ATV The Alpine Loop
- Length: 65 mile loop
- Drive Time: 6-7 hours
- Difficulty: 75% Easy / 25% Difficult (rock outcroppings, drop offs)
- Access: Easy
- ATV Friendly Town: Lake City
- Ideal Riding Season: Mid Summer – September
Notes: The Alpine Loop can be done by SxS and ATVs.
Lake City has passed a pilot program to allow OHVs on a 3.26 mile stretch of Hwy 149. This pilot program is currently in effect “seasonally in 2021, 2022, and 2023, from the Friday before Memorial Day through September 30 of each year”.
I don’t feel confident that this will continue past 2023, but hopefully I’m wrong.
As of October 2021, Silverton changed it’s laws. OHVs are now banned within city limits. You can no longer easily ride out from town.
See the Forest Service Brochure button below for a good overview map.
One of The Most Stunning Drives In The US
This ride should definitely be on your bucket list. Although not technically an “ATV trail”, this remote dirt road loop is open to ATVs/SUVs. It’s so amazing that we’ve included it in ATV Colorado: 10 Best ATV Trails In Colorado.
The Alpine Loop passes through the sweeping Rocky Mountains through two mountain passes – Engineer Pass and Cinnamon Pass, both 12,000+ feet high.
In between the mountain passes you’ll experience some of the most amazing views – mountains, meadows, waterfalls, lakes and wildlife.
This 63 mile dirt road loop takes you from Ouray or Silverton to Lake City.
This is a very popular dirt road – Jeeps, 4x4s and ATVs all use this road so don’t expect to have it all to yourself.

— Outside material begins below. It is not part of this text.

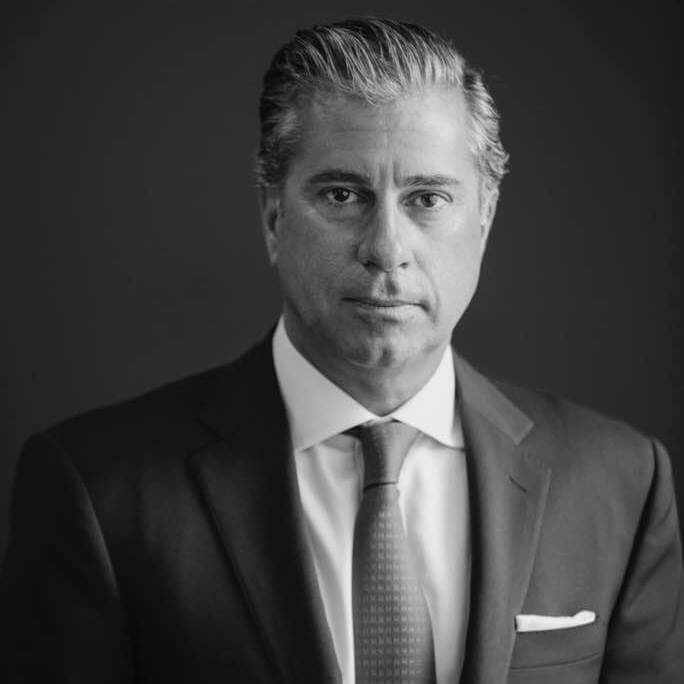 Jason Roe Headshot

To avoid the big crowds go in late September when the kids are heading back to school and summer vacations are mostly over.
The speed limit is 15 miles an hour, so allow 5 – 7 hours for a leisurely ride. In addition to the Alpine Loop, there are also plenty of miles of other smaller ATV loops and detours connected to the main loop.
Plan for a couple nights in the area for a more relaxed ride with time to soak up the scenery and explore the history of Colorado.
Alpine Loop Trail Rating
If you leave from Ouray or Silverton, you’ll be unable to avoid the difficult sections of trail.
Leaving from Silverton takes you over Cinnamon Pass while leaving from Ouray takes you over Engineer Pass. Both of these passes are over 12,000′ and require a high clearance 4-wheel drive vehicle.
However, if you leave from Lake City, a large section of the Alpine Loop is easy and suitable for 2-wheel drive vehicles. On the north part of the loop, travel to Whitmore Falls is possible with a 2-wheel drive. On the south part of the loop, you can make it to Sherman before the road gets too rough.
So, if you don’t feel like you’re up for the challenge, don’t let that keep you from checking out this trail. While the passes do have some dramatic views, the scenery is still plenty spectacular on these easy section.
ATV Friendly Towns?
Lake City is the only ATV friendly town on the loop. Ouray is not ATV friendly, it does not allow ATVs within the city limits.
Silverton used to be ATV friendly, but they changed the law on October 12th, 2021. Now, there is a ban on “OHVs on all streets, alleys, and rights-of-ways within town limits”.
Colorado does not allow or recognize street legal ATVs. So, even if your OHV is registered in your home state as street legal and has a license plate, this is not recognized or legal in Colorado.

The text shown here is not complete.